Knowledge of Angels (1993), a medieval philosophical novel, was shortlisted for the 1994 Booker Prize. Other adult novels include:
- Farewell, Great King (1972)
- Lapsing (1986), about Catholic university students
- A School for Lovers (1989), reworking of the plot of Mozart's Cosi fan tutte
- The Serpentine Cave (1997), based on a lifeboat disaster in St Ives
- A Desert in Bohemia (2000), which follows a group of characters in England and in an imaginary Eastern European country through the years between World War II and 1989

===Imogen Quy===
Paton Walsh wrote four detective stories that featured part-time college nurse Imogen Quy, and were set in the fictional St Agatha's College, University of Cambridge:
- The Wyndham Case (1993)
- A Piece of Justice (1995)
- Debts of Dishonour (2006)
- The Bad Quarto (2007)

===Lord Peter Wimsey===
In 1998, she completed Dorothy L. Sayers's unfinished Lord Peter Wimsey–Harriet Vane novel, Thrones, Dominations.
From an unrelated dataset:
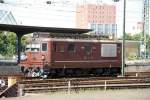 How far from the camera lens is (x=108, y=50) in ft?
124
She followed this up with three more Lord Peter novels:

- A Presumption of Death (2002)
- The Attenbury Emeralds (2010)
- The Late Scholar (published on 5 December 2013 in the UK, and 14 January 2014 in North America)

===Children's books===

- Hengest's Tale (St Martin's Press, 1966), fiction, illustrated by Janet Margrie
- The Dolphin Crossing (1967), adapted for the stage by Ed Viney (2012)
- Word Hoard: Anglo-Saxon stories (1969?), by Paton Walsh and Kevin Crossley-Holland
- Fireweed (1969)
- Goldengrove (1972)
- The Dawnstone (1973), published by Hamish Hamilton
- Toolmaker (1973), picture book illus. Jeroo Roy
- The Emperor's Winding Sheet —Whitbread Prize for children's books (1974), a novel about the later years of the Byzantine Empire.
- The Butty Boy (1975), illus. Juliette Palmer
- The Huffler (1975), illus. Palmer
- The Island Sunrise: prehistoric Britain (1975); US subtitle, —nonfiction
- Unleaving (1976), sequel to Goldengrove —Boston Globe–Horn Book Award for fiction, 1976
- Crossing to Salamis (1977), picture book illus. David Smee
- The Walls of Athens (1977), picture book illus. Smee
- A Chance Child (1978)
- Children of the Fox (1978), illus. Robin Eaton
- The Green Book (1981), illus. Lloyd Bloom
- Babylon (1982)
- A Parcel of Patterns (1983)
- Gaffer Samson's Luck (1984) —Smarties Prize, 1985
- Birdy and the Ghosties (1989)
- Grace (1991)
- When Grandma Came (1992), picture book illus. by Sophy Williams
- Thomas and the Tinners (1995) — 1995 Carnegie Medal longlist

==Bibliography==
- Garrett, Martin (2004). "Cambridge: A Cultural and Literary History" With foreword by Jill Paton Walsh.